Was jetzt zu tun ist
Angesichts eines unberechenbaren Trump und eines aggressiven Putin bleiben in meinen Augen nur drei realistische Optionen:

1. Europäische Eigenmacht aufbauen – nicht auf Trump setzen, sondern über Republikaner im Kongress, Pentagon und Sicherheitsapparat die institutionelle Rückversicherung sichern. Parallel: Rüstungsindustrie auf Kriegsmodus, gemeinsame Beschaffung, strategische Autonomie. Das dauert Jahre, aber es wäre der einzige Weg, das strukturelle Machtgefälle zu ändern.

2. Hybride Sicherheitsgarantie jetzt – gestaffelte Sicherungssysteme mit begrenzter westlicher Präsenz (Ausbilder, Logistik, Cyber, Raketenabwehr), kombiniert mit massiver Industriehilfe. Politische Klarheit: Kein „Bluff-and-Pray", sondern klar kommunizieren, wo die rote Linie liegt.

3. Konfrontation einkalkulieren – langfristig führt kein Weg daran vorbei, Russland klarzumachen: Ein neuer Angriff auf die Ukraine heißt Konflikt mit uns. Das ist hart, aber alles andere lädt Putin zum nächsten Versuch ein.

Die gefährliche Illusion der Beschwichtigung
Und falls wir wirklich auf jene Stimmen hören würden, die meinen, Russland müsse man einfach „entgegenkommen" – indem man ihm die besetzten Gebiete überlässt, die Ukraine in den russischen Einflussraum abtritt und danach wieder „volle Kanne" Handel treibt, als wäre nichts gewesen?
Dann hieße das nichts anderes, als dass Aggression belohnt wird. Der nächste Angriff käme sicher – vielleicht auf Moldau, vielleicht auf die baltischen Staaten, vielleicht direkt auf Polen.

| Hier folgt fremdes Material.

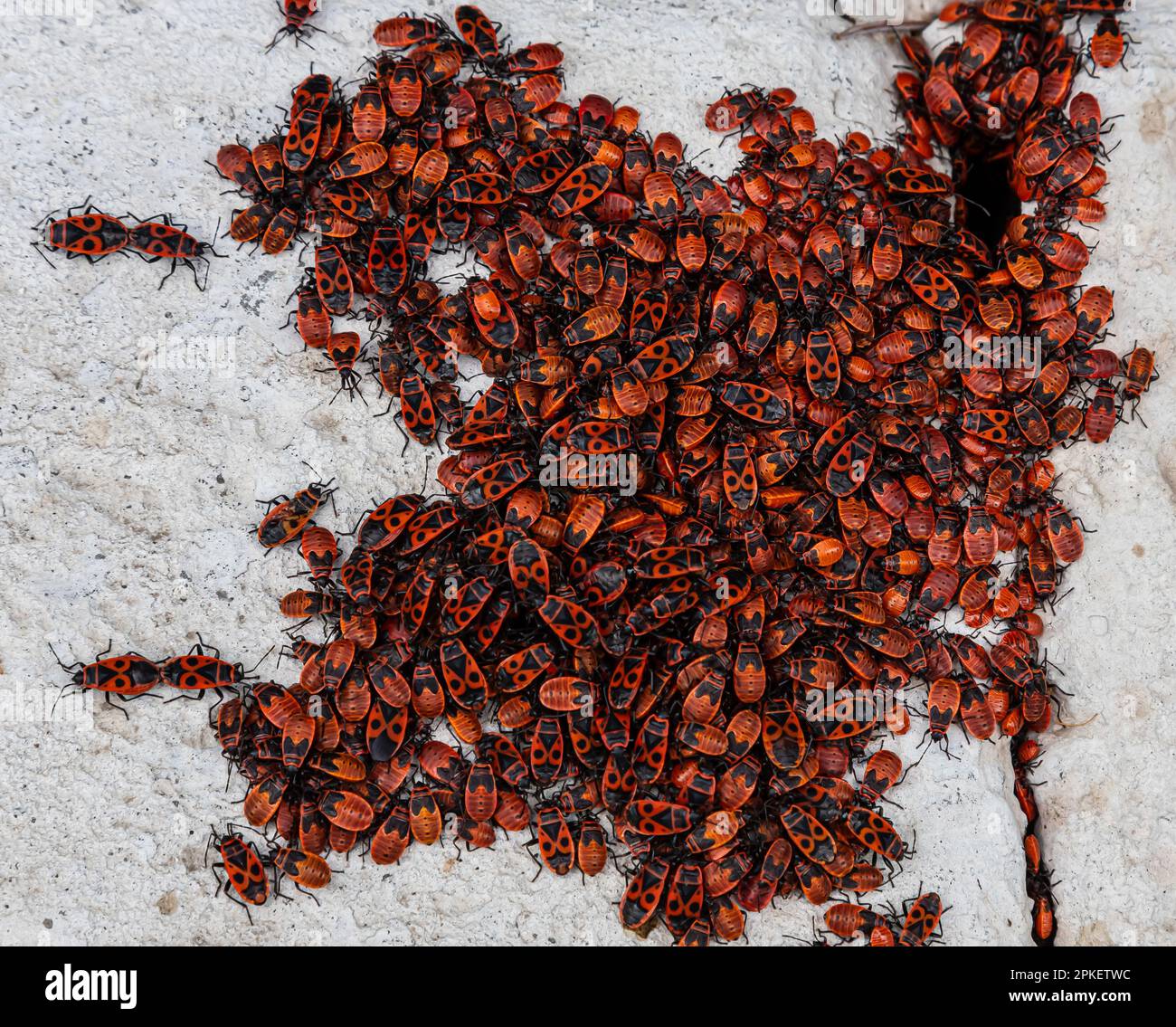 grande colonie de coléoptères rouges et noirs sur une pierre Banque D'Images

Wer so denkt, müsste das Ganze zu Ende denken: Nicht nur die Ukraine aufgeben, sondern am besten gleich die NATO-Osterweiterung rückabwickeln. Zurück in die Yalta-Logik von 1945. Aber wer so denkt, kapituliert nicht nur vor einem Aggressor – er sägt die Grundpfeiler der europäischen Sicherheit gleich mit ab.

Fazit und To-do-Liste: Aufwachen und loslegen
Genau das ist die Falle, in die wir gerade tappen. Putins Panzer haben die Ukraine überrollt, doch sein eigentliches Ziel ist unsere Bequemlichkeit. Während wir noch über Beschwichtigung diskutieren, schafft er Fakten. Und solange wir weiter verharren, sind wir schon geschlagen – bevor der erste Schuss in Europa fällt.

Am Ende ist es ein dreifacher Schlag: Putin, der mit Gewalt Fakten schafft. Trump, der mit Zynismus das Bündnis zerreißt und auf eine „Friedens“-Kapitulationzusteuert. Und wir Europäer selbst, die uns in den Friedensträumen unserer Großeltern eingerichtet haben.

Was bleibt? Drei Schritte, wenn wir aus dem Schachmatt herauskommen wollen:

1. Soforthilfe für Kyjiw – Munition, Luftabwehr, Langstreckenwaffen (JA AUCH TAURUS) und ein Finanzpaket (DAS EINGEFRORENE RUSSISCHE VERMÖGEN), jetzt und nicht in Trippelschritten.

2. Trump ausmanövrieren, damit er die Ukraine nicht geradewegs in einen Diktatfrieden reinsteuert: über Kongress, Pentagon und eine europäische Kerngruppe, nicht über seine Launen im Weißen Haus.

3. Und schließlich europäische Eigenmacht – Rüstung hochfahren, strategische Autonomie aufbauen, Abschreckung real machen.

Unbequem, teuer, riskant – aber die einzige Alternative zu Putins Vormarsch und Trumps Scheinfrieden. Alles andere wäre: Putins Vormarsch, Trumps Scheinfrieden, und unsere eigene Unterschrift unter diese faktische Kapitulation.